Bennett würde nicht allein meutern. Netanjahus eigene Likud-Partei wird von Sympathisanten der Siedler systematisch unterwandert. Sie wissen, dass sie den Likud kontrollieren müssen, wenn sie die Regierung beeinflussen wollen. Die Wahlen im Jänner belegten es deutlich: In vielen Siedlungen gab es weniger Likud-Wähler als Parteimitglieder. So degradierte die Siedlerlobby pragmatische Minister in parteiinternen Vorwahlen zu Hinterbänklern und ersetzte sie durch Vollblutideologen, die einen Palästinenserstaat ablehnen und den dritten jüdischen Tempel in Jerusalem errichten wollen – anstelle des Felsendoms.
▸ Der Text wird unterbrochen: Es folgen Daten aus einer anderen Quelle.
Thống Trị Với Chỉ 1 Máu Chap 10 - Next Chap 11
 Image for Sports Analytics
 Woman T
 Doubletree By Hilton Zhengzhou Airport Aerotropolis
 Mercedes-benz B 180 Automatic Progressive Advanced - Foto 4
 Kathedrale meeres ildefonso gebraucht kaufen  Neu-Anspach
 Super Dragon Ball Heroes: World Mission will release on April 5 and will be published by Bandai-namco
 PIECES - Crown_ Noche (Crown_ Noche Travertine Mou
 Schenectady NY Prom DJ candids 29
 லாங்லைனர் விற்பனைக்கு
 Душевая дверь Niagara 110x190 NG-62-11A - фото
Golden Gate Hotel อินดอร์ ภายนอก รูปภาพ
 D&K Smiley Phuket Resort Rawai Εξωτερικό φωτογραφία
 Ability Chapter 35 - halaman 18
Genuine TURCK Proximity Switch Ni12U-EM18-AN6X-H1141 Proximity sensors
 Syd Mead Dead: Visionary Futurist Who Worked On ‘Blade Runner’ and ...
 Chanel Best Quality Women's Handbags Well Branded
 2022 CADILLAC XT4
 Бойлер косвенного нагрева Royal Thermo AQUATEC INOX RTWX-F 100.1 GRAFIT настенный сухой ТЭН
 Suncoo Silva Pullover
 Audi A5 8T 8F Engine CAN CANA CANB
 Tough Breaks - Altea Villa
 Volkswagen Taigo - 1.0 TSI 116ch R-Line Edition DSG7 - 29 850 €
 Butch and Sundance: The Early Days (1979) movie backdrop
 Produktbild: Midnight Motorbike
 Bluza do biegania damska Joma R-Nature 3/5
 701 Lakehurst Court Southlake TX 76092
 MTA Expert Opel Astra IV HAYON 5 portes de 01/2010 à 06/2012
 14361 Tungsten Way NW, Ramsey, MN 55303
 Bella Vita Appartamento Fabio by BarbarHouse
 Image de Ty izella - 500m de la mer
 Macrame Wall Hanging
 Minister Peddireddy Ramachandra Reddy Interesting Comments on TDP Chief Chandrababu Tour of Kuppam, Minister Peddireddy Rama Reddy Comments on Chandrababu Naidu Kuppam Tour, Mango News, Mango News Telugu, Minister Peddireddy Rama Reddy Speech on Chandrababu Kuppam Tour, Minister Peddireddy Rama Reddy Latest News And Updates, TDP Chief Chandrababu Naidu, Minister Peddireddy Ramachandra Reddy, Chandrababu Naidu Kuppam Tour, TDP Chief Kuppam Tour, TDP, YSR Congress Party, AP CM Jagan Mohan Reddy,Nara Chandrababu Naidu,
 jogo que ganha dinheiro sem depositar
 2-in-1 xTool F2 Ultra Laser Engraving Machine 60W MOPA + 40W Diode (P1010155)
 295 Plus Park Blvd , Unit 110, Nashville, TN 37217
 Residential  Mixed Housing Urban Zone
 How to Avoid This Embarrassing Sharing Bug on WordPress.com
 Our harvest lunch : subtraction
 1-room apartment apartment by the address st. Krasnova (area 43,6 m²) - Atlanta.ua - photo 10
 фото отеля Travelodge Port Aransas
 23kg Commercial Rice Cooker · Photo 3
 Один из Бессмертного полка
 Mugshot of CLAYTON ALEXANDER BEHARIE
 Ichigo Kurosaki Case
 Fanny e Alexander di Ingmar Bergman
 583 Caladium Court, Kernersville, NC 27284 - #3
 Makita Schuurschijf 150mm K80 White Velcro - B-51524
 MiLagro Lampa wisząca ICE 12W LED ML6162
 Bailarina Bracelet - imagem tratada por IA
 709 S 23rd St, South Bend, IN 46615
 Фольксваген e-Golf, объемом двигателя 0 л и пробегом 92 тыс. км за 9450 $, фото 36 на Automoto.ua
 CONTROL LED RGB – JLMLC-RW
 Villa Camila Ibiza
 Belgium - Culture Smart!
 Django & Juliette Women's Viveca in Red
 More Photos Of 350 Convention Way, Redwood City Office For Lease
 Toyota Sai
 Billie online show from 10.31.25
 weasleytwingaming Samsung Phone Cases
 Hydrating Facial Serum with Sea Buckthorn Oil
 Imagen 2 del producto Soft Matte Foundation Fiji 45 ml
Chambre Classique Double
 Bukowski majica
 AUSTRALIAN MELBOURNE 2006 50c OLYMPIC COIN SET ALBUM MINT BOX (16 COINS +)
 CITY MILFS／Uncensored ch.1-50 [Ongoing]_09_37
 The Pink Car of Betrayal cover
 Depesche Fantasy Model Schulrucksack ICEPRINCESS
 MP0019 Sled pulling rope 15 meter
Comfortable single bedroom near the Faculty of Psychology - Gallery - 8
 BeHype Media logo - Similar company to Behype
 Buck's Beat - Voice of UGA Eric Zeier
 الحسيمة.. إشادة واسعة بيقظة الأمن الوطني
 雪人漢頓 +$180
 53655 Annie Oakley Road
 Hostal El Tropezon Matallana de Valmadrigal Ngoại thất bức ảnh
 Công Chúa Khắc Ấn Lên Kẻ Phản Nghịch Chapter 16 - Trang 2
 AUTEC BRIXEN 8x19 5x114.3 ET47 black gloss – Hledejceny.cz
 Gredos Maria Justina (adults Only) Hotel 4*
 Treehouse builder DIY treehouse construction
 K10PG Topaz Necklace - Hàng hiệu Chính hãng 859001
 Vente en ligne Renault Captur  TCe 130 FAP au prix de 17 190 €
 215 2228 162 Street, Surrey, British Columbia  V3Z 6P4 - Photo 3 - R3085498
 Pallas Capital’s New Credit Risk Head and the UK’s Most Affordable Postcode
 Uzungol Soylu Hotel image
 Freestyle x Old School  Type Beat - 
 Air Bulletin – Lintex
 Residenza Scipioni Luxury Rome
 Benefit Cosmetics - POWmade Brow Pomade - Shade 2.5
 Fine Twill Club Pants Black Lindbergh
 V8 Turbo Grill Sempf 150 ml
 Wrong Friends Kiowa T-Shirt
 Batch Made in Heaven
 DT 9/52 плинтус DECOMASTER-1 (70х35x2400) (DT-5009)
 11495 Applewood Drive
Also entschloss Netanjahu sich für die Freilassung von Häftlingen. Um seine Basis zu besänftigen, verkündete er gleichzeitig neue Siedlungsbauvorhaben. So machte er den kleinen Erfolg von Abbas gleich wieder zunichte. Dieser ringt daheim ohnehin um Glaubwürdigkeit. Seine Autonomiebehörde steht vor dem Bankrott, sein Ansatz des friedlichen Widerstands bescherte keinen Wohl-, sondern Stillstand. Das macht auch Netanjahus Geste nicht wett. „Das Hochgefühl nach der Freilassung von Häftlingen hält nicht länger als 24 Stunden an“, sagt der palästinensische Journalist Sam Bahour aus Ramallah. Direkt danach dächten Palästinenser wieder daran, dass Israel ihren Alltag unerträglich mache: „Jede Nacht werden Verhaftungen durchgeführt, Siedlungen gebaut, und unsere Bewegungsfreiheit wird eingeschränkt.“
Abbas größtes Manko sei aber die mangelnde Legitimität. Sie stellt längst nicht mehr nur die radikal-islamische Hamas, sein wichtigster innenpolitischer Kontrahent, infrage. Abbas Amtszeit lief Anfang 2009 aus, Wahlen ließ er seither nicht zu. „Wie kann Abbas in unserem Namen sprechen?“, fragt daher nicht nur Bahour. Alle politischen Parteien kritisierten Abbas für die Rückkehr an den Verhandlungstisch, auch seine eigene Fatah. Da hilft die Unterstützung der Arabischen Liga kaum: „Die Diktatoren der arabischen Welt besitzen keine Glaubwürdigkeit mehr. Wir wollen die Unterstützung des Tahrir-Platzes, nicht amerikanischer Vasallen“, sagt Bahour.
Solche Worte beflügeln israelische Kritiker. Selbst wenn eine Einigung mit Abbas erzielt werden könnte, sei unklar, wie diese umgesetzt werden könne. Im von der Hamas dominierten Gazastreifen habe Abbas nichts zu sagen. Und er habe auch kein Mandat, im Namen der palästinensischen Diaspora zu sprechen.
Selbst wenn es Livni und ihren palästinensischen Verhandlungspartnern Shtaye und Erekat in den renovierten Suiten des King-David-Hotels in Jerusalem gelingt, ihre Differenzen zu überbrücken, bleibt Netanjahu und Abbas vor den Toren der Edelherberge viel Arbeit damit, ihre eigenen Völker zu überzeugen, einem Friedensvertrag auch zuzustimmen.